* **Data excerpt**:

--------------------

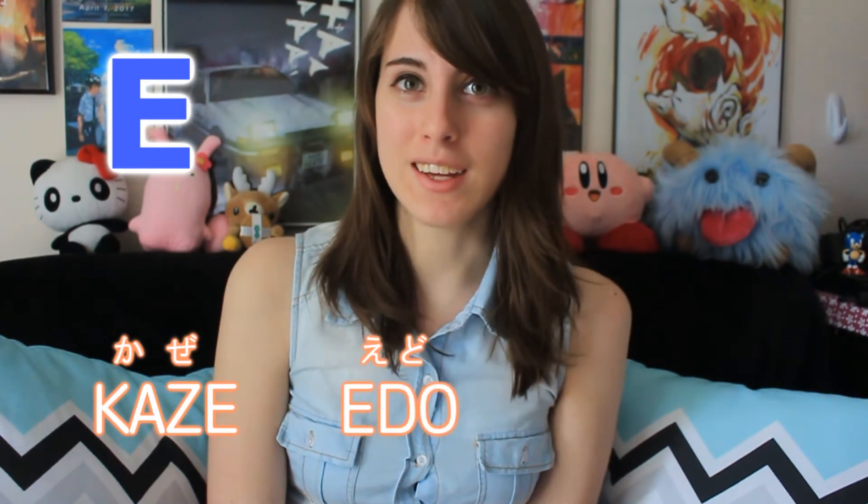The vowel E in Japanese has the sound e. You can hear this in words like kaze, edo, and neko.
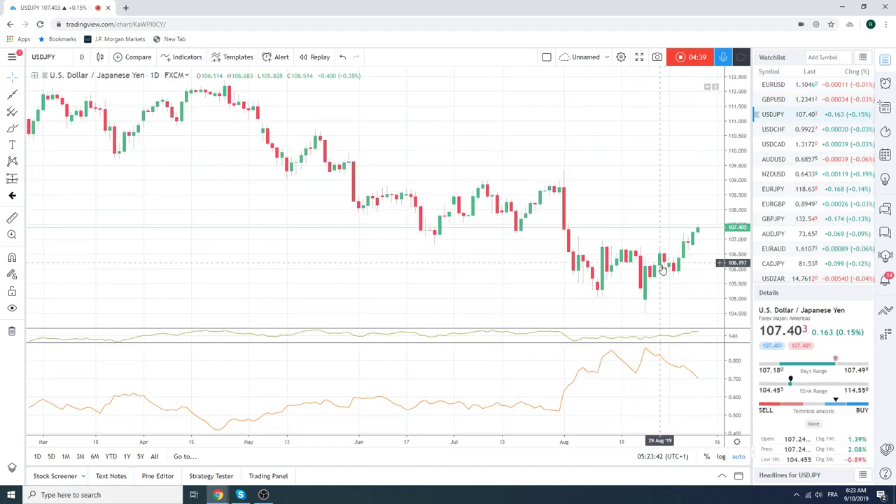Dollar Yen broke 125 last night — we were not involved, sleeping soundly. 50 was the high; we're trading at 40 now. This is correlating pretty well with the 10-year yield: as the 10-year yield goes down, Dollar Yen goes up.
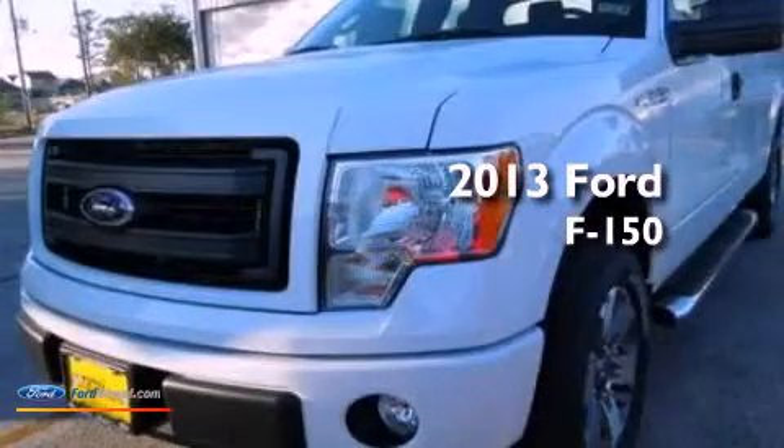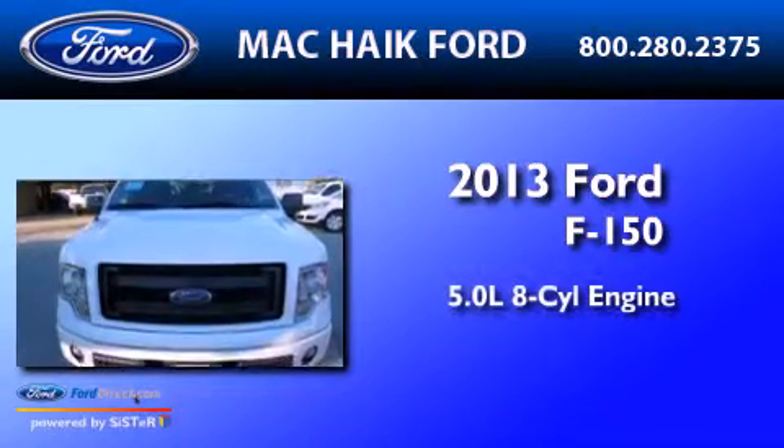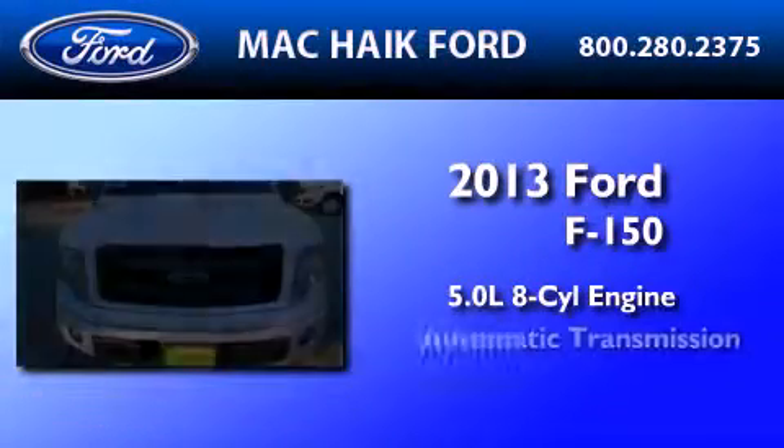This is a brand-new 2013 Ford F-150. It features a 5.0-liter eight-cylinder engine and an automatic transmission.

--------------------

* **Work instructions**:
No pictures belong in the answer; copy all other parts of the listing exactly.

* **Solved exercise**:
The vowel E in Japanese has the sound e. You can hear this in words like kaze, edo, and neko.
Dollar Yen broke 125 last night — we were not involved, sleeping soundly. 50 was the high; we're trading at 40 now. This is correlating pretty well with the 10-year yield: as the 10-year yield goes down, Dollar Yen goes up.
This is a brand-new 2013 Ford F-150. It features a 5.0-liter eight-cylinder engine and an automatic transmission.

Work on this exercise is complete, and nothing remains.